▸ **WHAT YOU HAVE TO DO**
From the line containing "Gambar Stiker Striping" down to the final line of the entries below, quote every line verbatim. Exclude pictures.

▸ **EXERCISE INPUT**
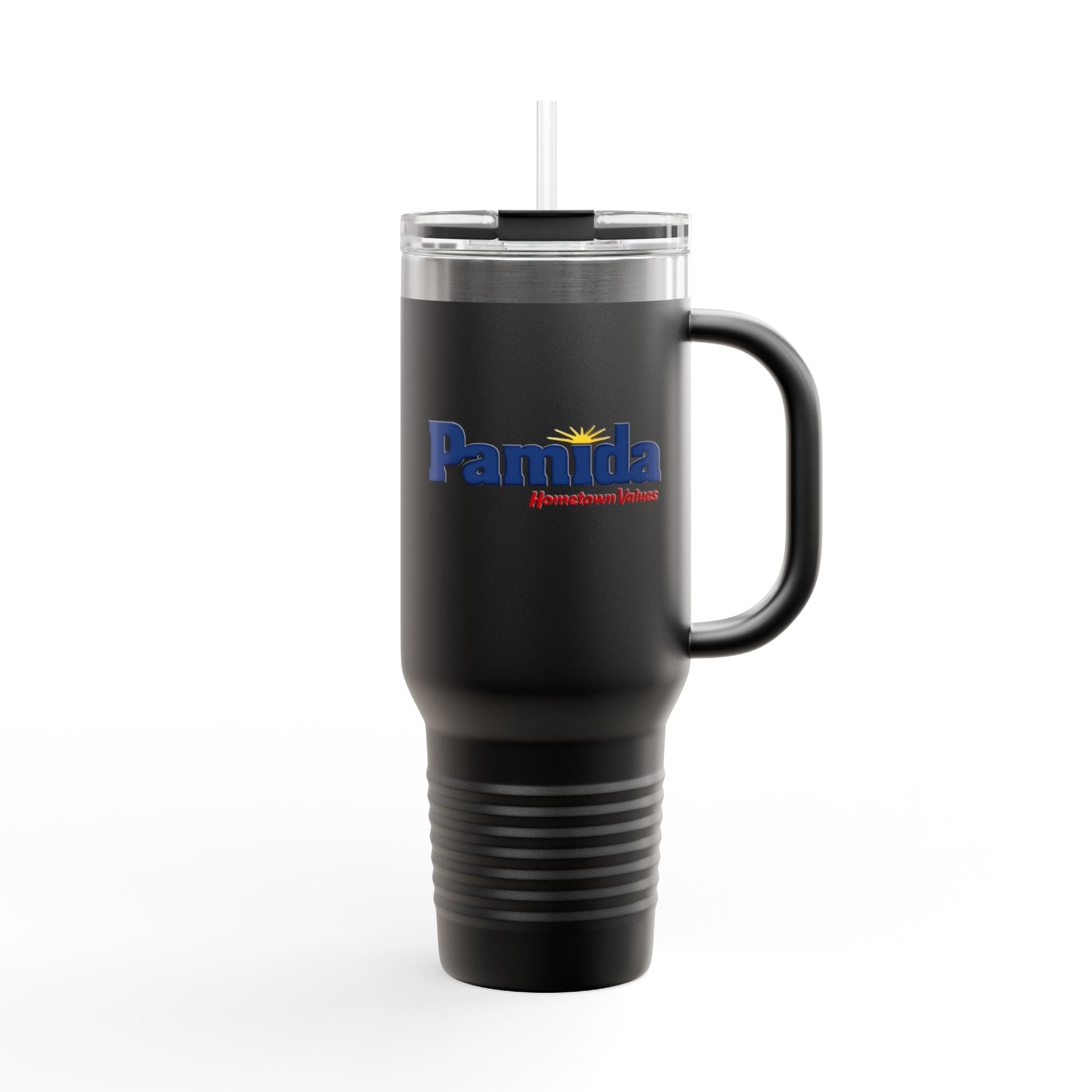 Pamida 40oz Insulated Travel Mug Stainless Tumbler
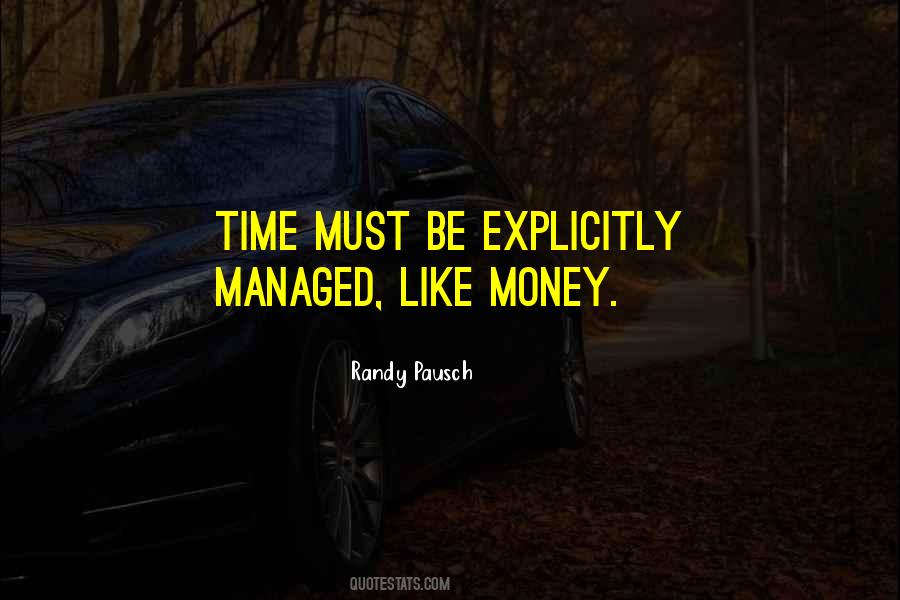 Time Must Quotes #220985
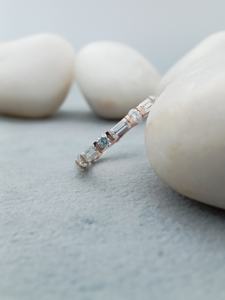 Anillo de Compromiso y Boda D'VINS JEWELS, Moderno, Forma Redonda y Baguette, Corte Brillante, Color D, Blanco, Plateado, Dorado, Certificado - Product Image 3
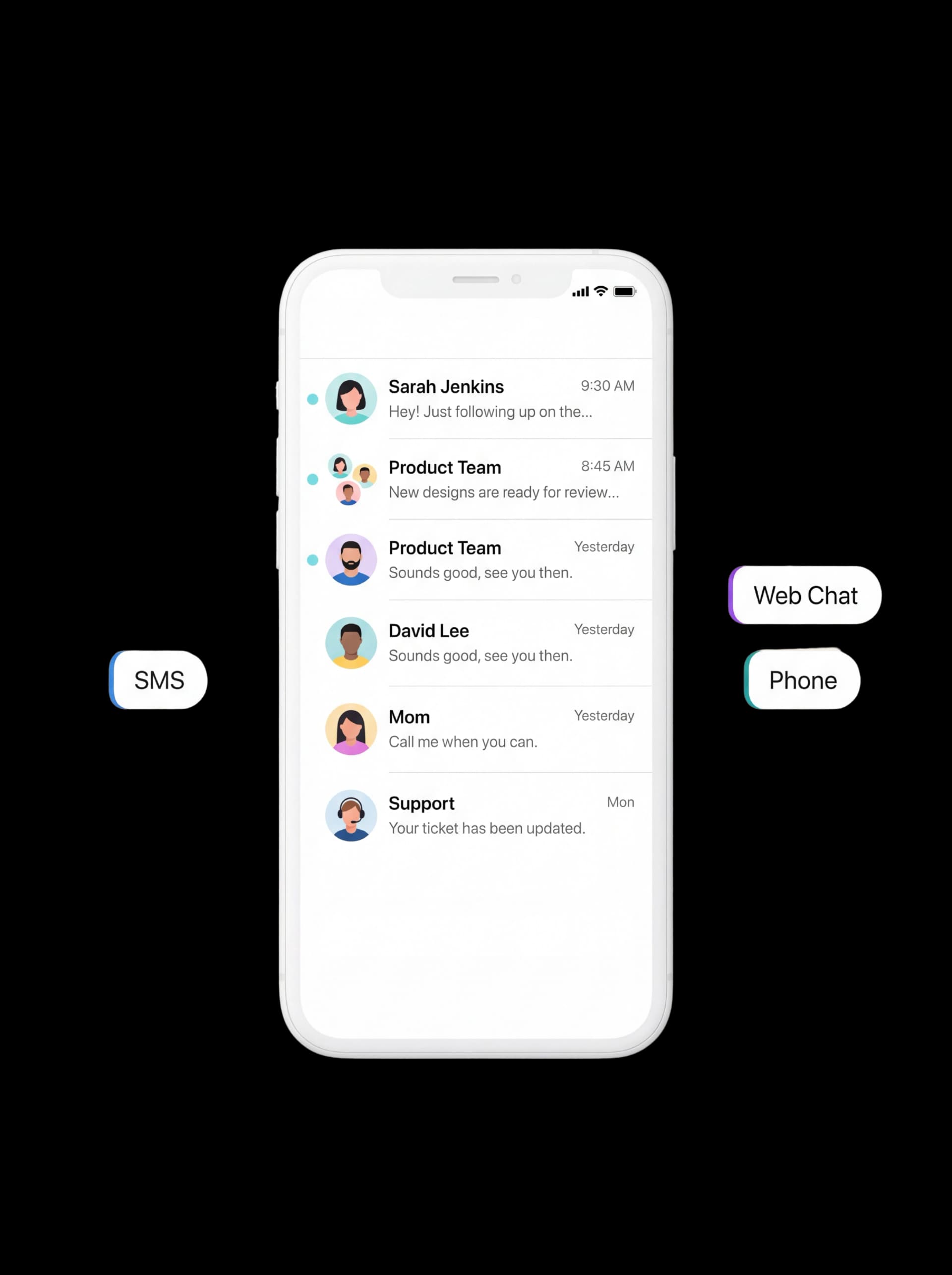 Conversation Hub — all channels in one inbox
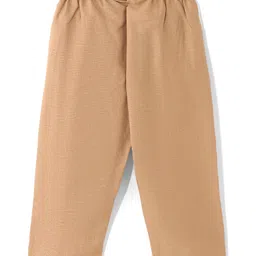 Babyhug Three Fourth Sleeve Swiss Dot Dobby Kurta With Pyjama Set -Red image 5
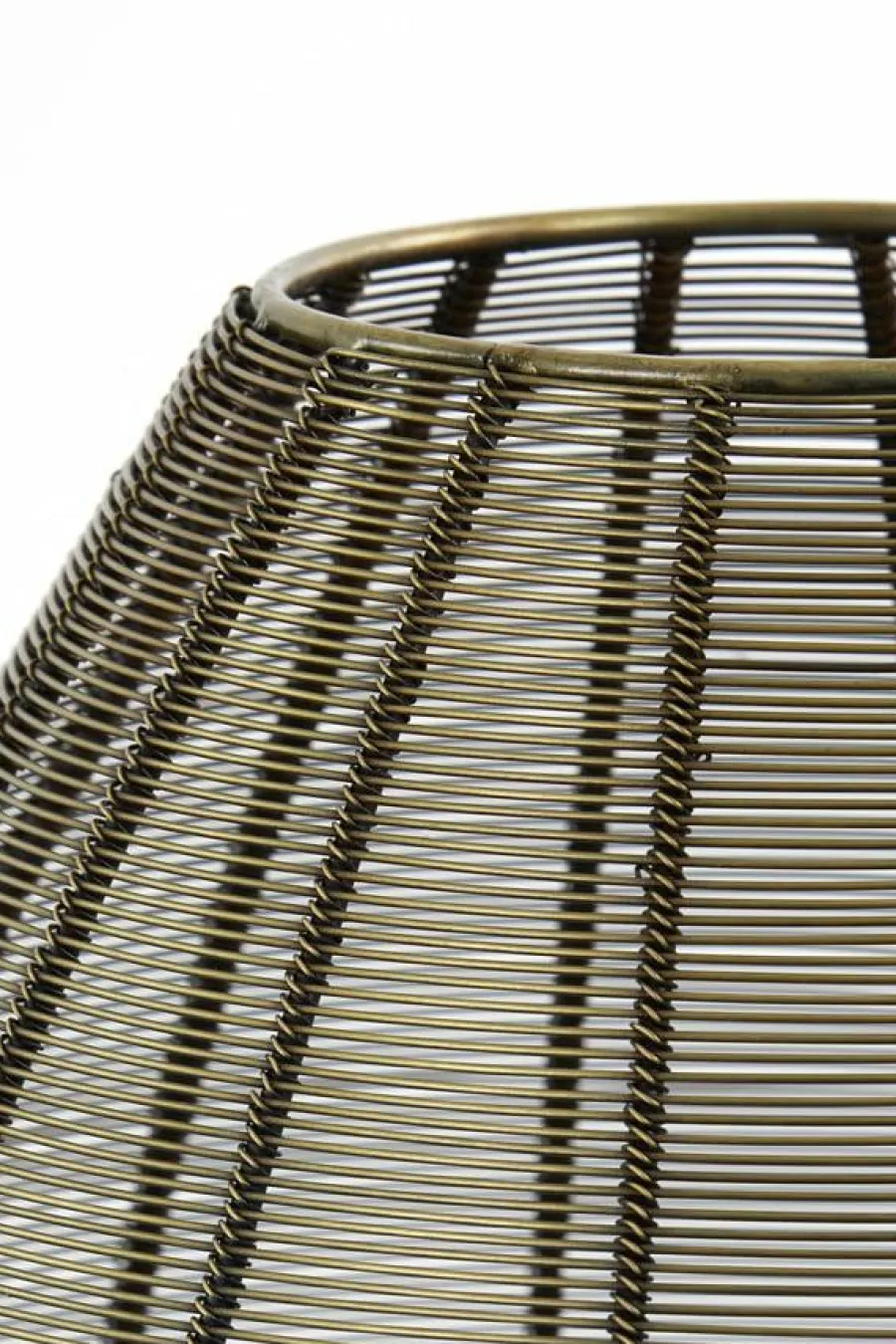 Light en Living Tafellamp Suneko antiek brons - Ø 25 x 34 cm Best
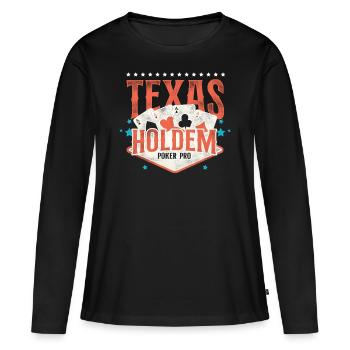 Poker Vintage Texas Holdem Poker - T-shirt manches longues Premium bio Femme - noir - Devant - Julia (174cm)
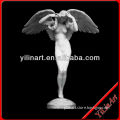 Grey Large Marble Angel Statues/Nude Sexy Angel Statue YL-R437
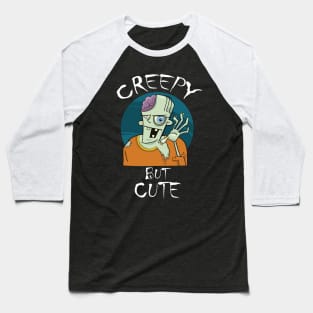 Creepy But Cute Cool Creative Beautiful Zombie Design Baseball T-Shirt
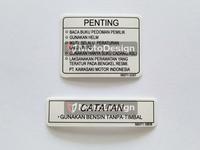 Gambar Stiker Striping Label Penting Catatan Ninja S R SS RR NEW 250 MONO Fi dari Moto Design undefined 4 Tokopedia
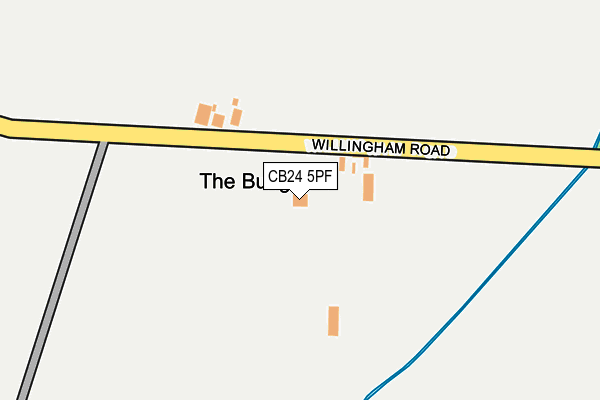 CB24 5PF map - OS OpenMap – Local (Ordnance Survey)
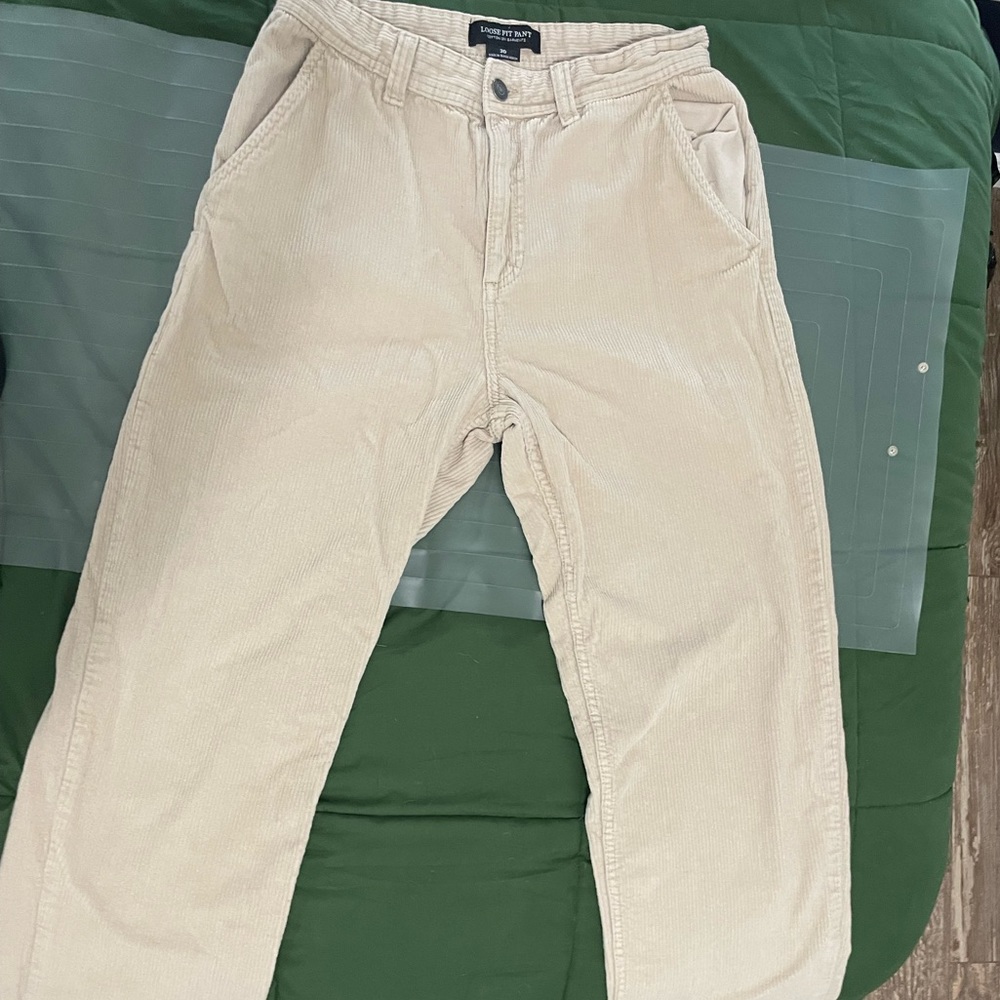 men’s tan corduroy pants 30x32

▸ **EXERCISE RESULT**
 Gambar Stiker Striping Label Penting Catatan Ninja S R SS RR NEW 250 MONO Fi dari Moto Design undefined 4 Tokopedia
 CB24 5PF map - OS OpenMap – Local (Ordnance Survey)
 men’s tan corduroy pants 30x32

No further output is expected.